Jack Slate will rage this war until he has the ones responsible… Dead to Rights.
- NA release: 25th November 2002
- EU release: 22nd August 2003
- JP release: N/A
- Developer: Namco Hometek
- Publisher: Namco (NA), EA (EU)
- NGC Magazine Score: 60%
- Mods Used: None


Dead to Rights is an over-the-top third person shooter that never seems to figure out what tone it wants to be. The plot is crazy, yet played oddly straight. It involves Jack Slate as he tries to figure out who killed his father. As he murders a load of staff in a nightclub, he eventually catches up to his target only to find him dead, so he gets framed for murder. As Slate is the one of the few “good” cops in a corrupt city, he is sentenced to death, but hatches a plan to escape. As a prison warden insulted his dog, he brutally murders him as he flees the prison.

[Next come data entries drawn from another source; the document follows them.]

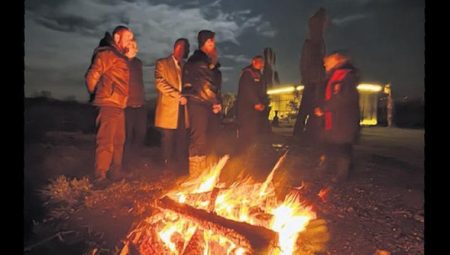 Tezgahı ‘don’ vurdu! ‘İlk sefer meyve ithali kelam konusu’ – Düzgün Haber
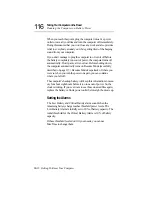 Preview for 146 page of Toshiba Satellite 110 Series User Manual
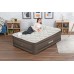 BESTWAY Fortech Queen Nafukovací postel s vestavěnou pumpou, 203 x 152 x 51 cm 69145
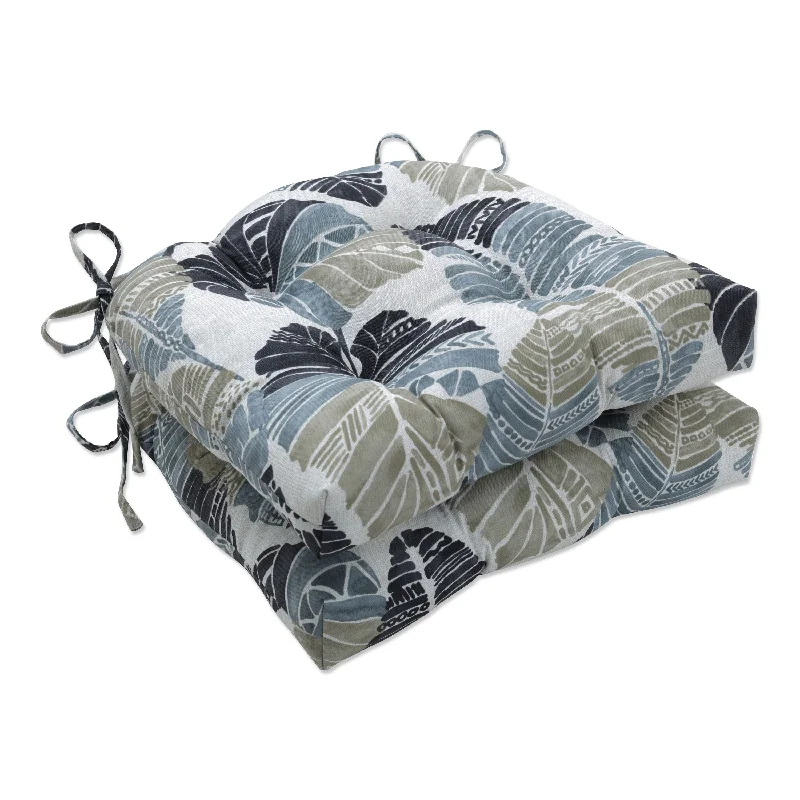 Today’s Special Pillow Perfect Outdoor | Indoor Hixon Stone Large Chairpad 2PK 17.5 X 16.5 X 4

Films already have an issue trying to sell the “break laws to prove your innocence” trope, but in Dead to Rights, you kill hundreds of hundreds of people, some of which might just be innocent workers. Taking hostages is a big part of the game (it’s the main cover mechanic), and when you’re finished with them, Slate doesn’t knock them out, he brutally executes them. The dissonance between aspects of the game makes the experience rather jarring, and why it should have gone for a sillier approach for the whole thing.

Then there’s the gameplay itself, which is nothing remarkable. It’s a by-the-numbers Max Payne-style shooter, complete with diving for slow-motion. It’s fine for the first few levels, but it gets tedious very quickly, as the game does nothing more than just throw loads of enemies. Many rooms have the same structure of shooting your way through it, finding a locked door and then enemies spawn behind you, the last one you kill has a key. The most disappointing aspect is the levels themselves, as they’re so static. In a game like this, you want loads of stuff flying around, begging for destructible objects (you even have a gunfight in a room of ice blocks), yet nothing can be destroyed.

There is a small amount of variation. In some sections, you have no guns and the game turns into a very simple beat-’em-up. Sometimes your character throws away his guns needlessly, other times your guns just vanish between levels. There are also some simple button-bashing minigames such as controlling a stripper to distract guards, withstanding torture and picking locks. Impressively, all of these manage to outstay their welcome. You also have a dog with you, but it amounts to nothing more than a special instant kill move, and then it vanishes from existence.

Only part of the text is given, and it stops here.